╭─ Task input

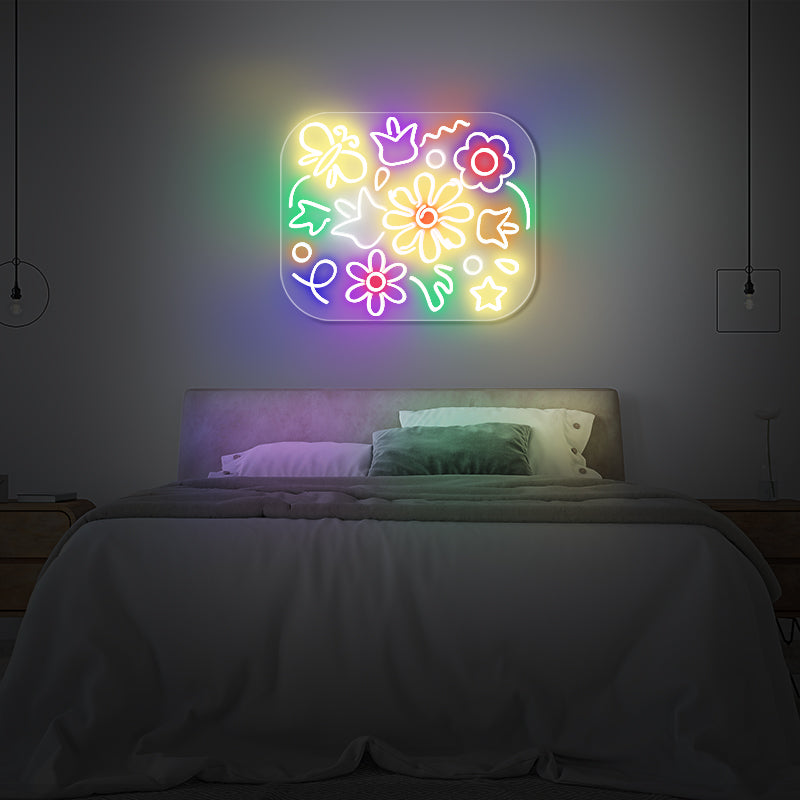 Bunte Blumen Neonschilder für Schlafzimmer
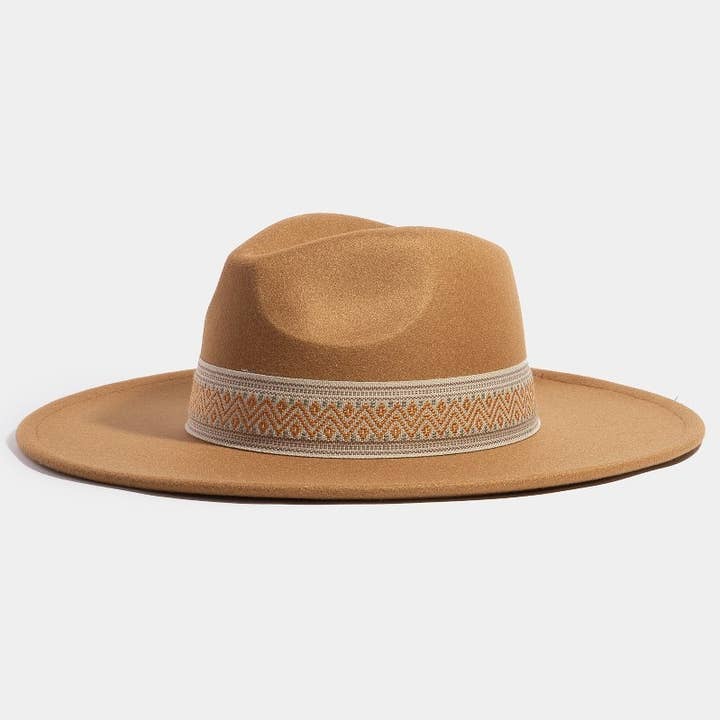 Collections by Fame Accessories - Wholesale Fedora - Women's - Western Intricate Boho Strap Cowboy Hat0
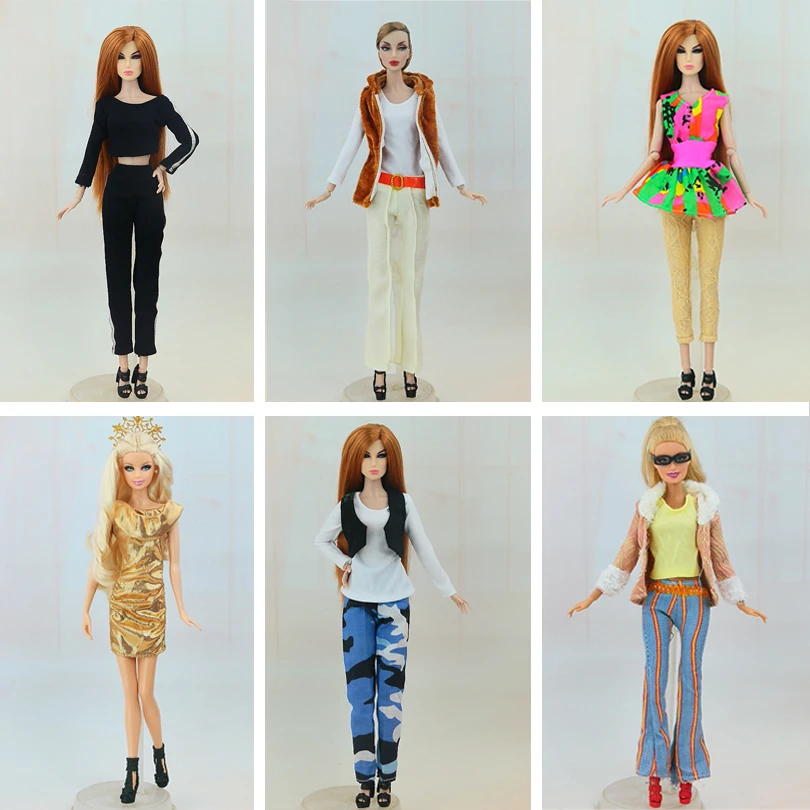

Randomly Pick Lot 20 Pcs = 10 Shoes +10 Sets Fashion Outfit Blouse Trousers Dress Shorts Pants Skirt Clothes For Barbie Doll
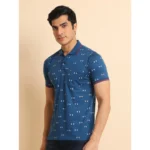 Generic Men's Casual Cotton Printed Polo Neck Half Sleeve T-Shirt (Blue) - Image 4
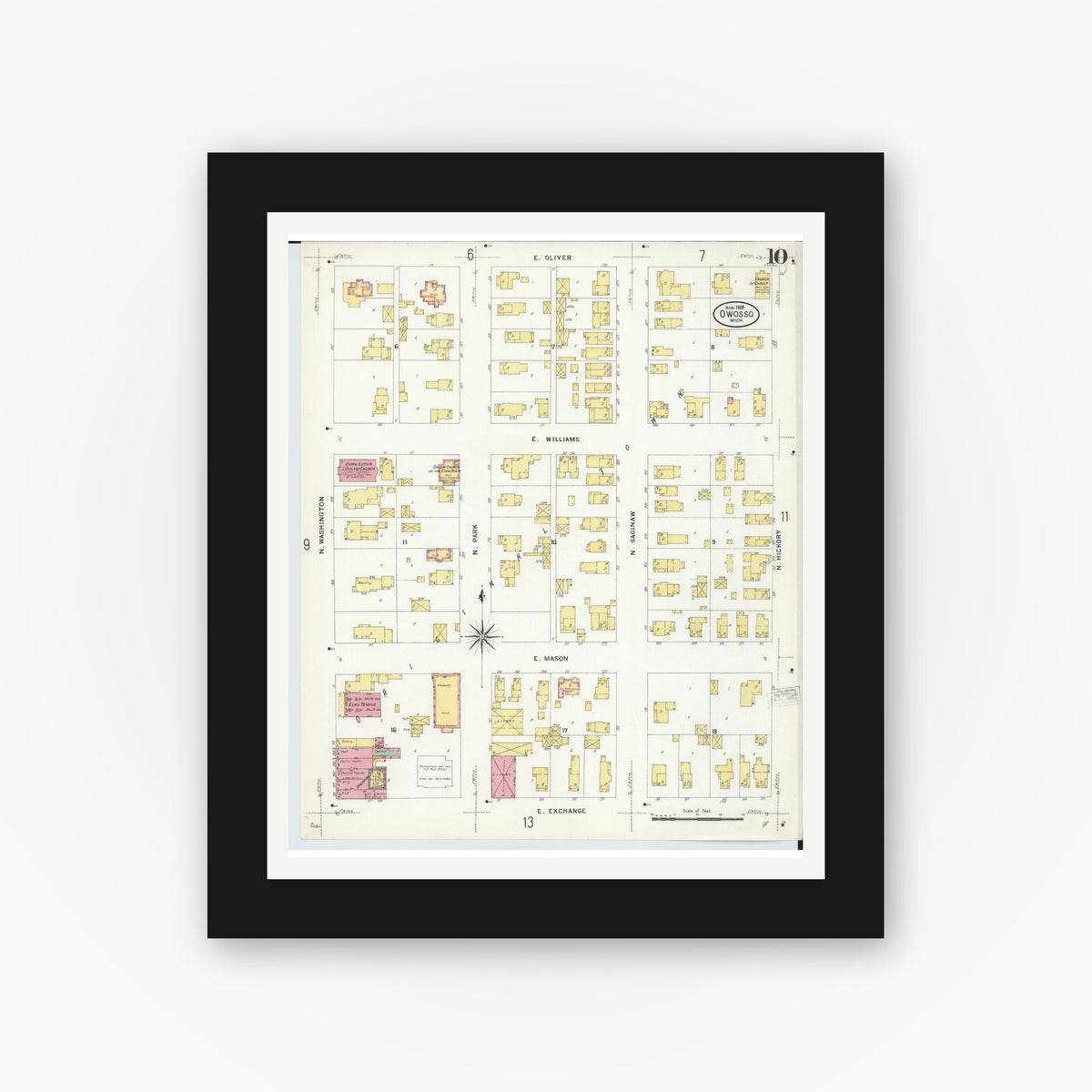 Old map wall art mockup — black gallery frame with white mat — Sanborn Fire Insurance Map from Owosso, Shiawassee County, Michigan (1908), Sheet #0010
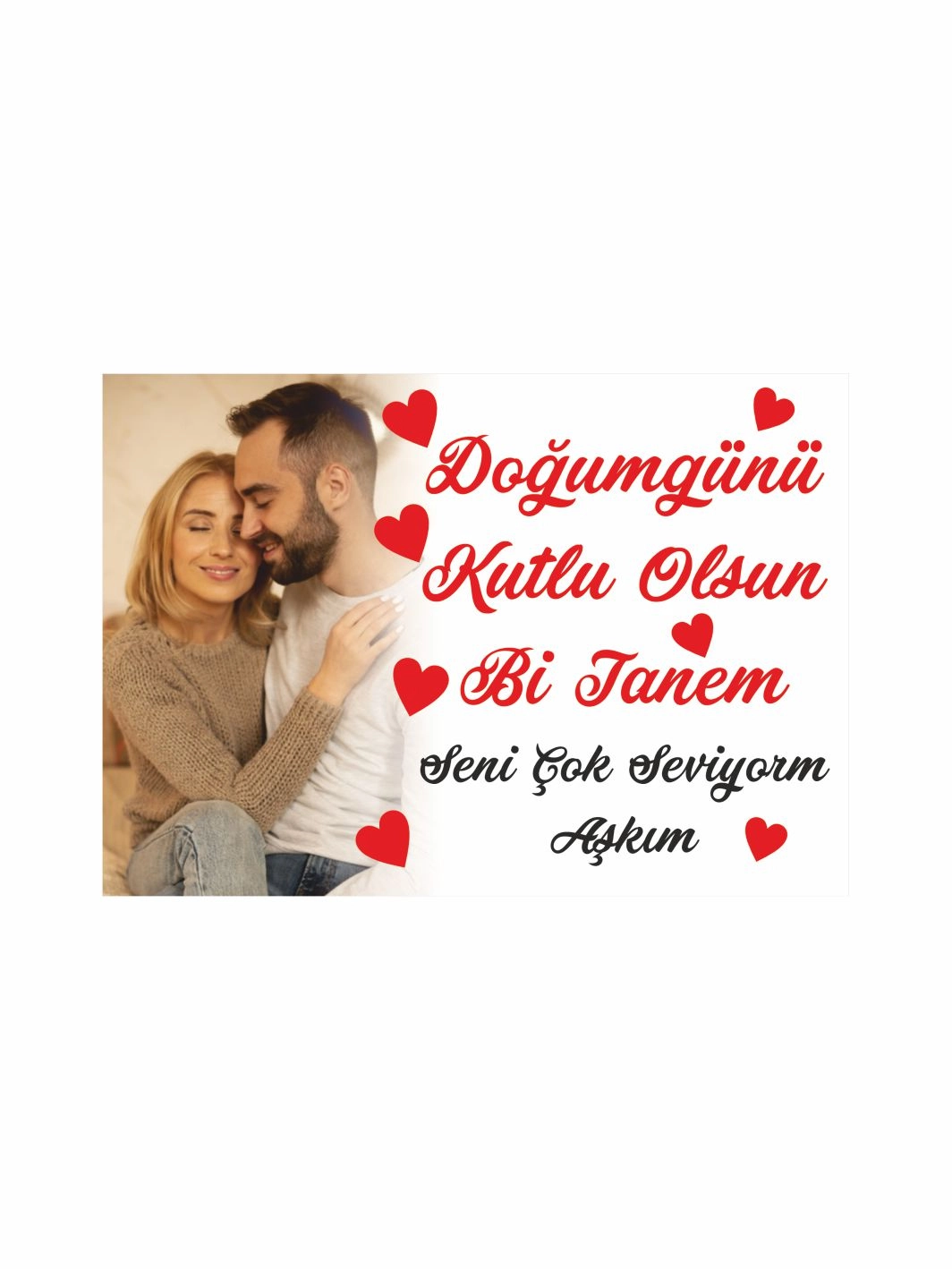 Resimli Doğum Günü Afişi Sevgiliye Özel Fotoğraflı Romantik Aşk Afişi Kalp Temalı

╰─

Exercise:
Could you write out exactly the lines from the line containing "Randomly Pick Lot" to the end of the material, and nothing else? No pictures belong in the copy.

Output for this task:
Randomly Pick Lot 20 Pcs = 10 Shoes +10 Sets Fashion Outfit Blouse Trousers Dress Shorts Pants Skirt Clothes For Barbie Doll
 Generic Men's Casual Cotton Printed Polo Neck Half Sleeve T-Shirt (Blue) - Image 4
 Old map wall art mockup — black gallery frame with white mat — Sanborn Fire Insurance Map from Owosso, Shiawassee County, Michigan (1908), Sheet #0010
 Resimli Doğum Günü Afişi Sevgiliye Özel Fotoğraflı Romantik Aşk Afişi Kalp Temalı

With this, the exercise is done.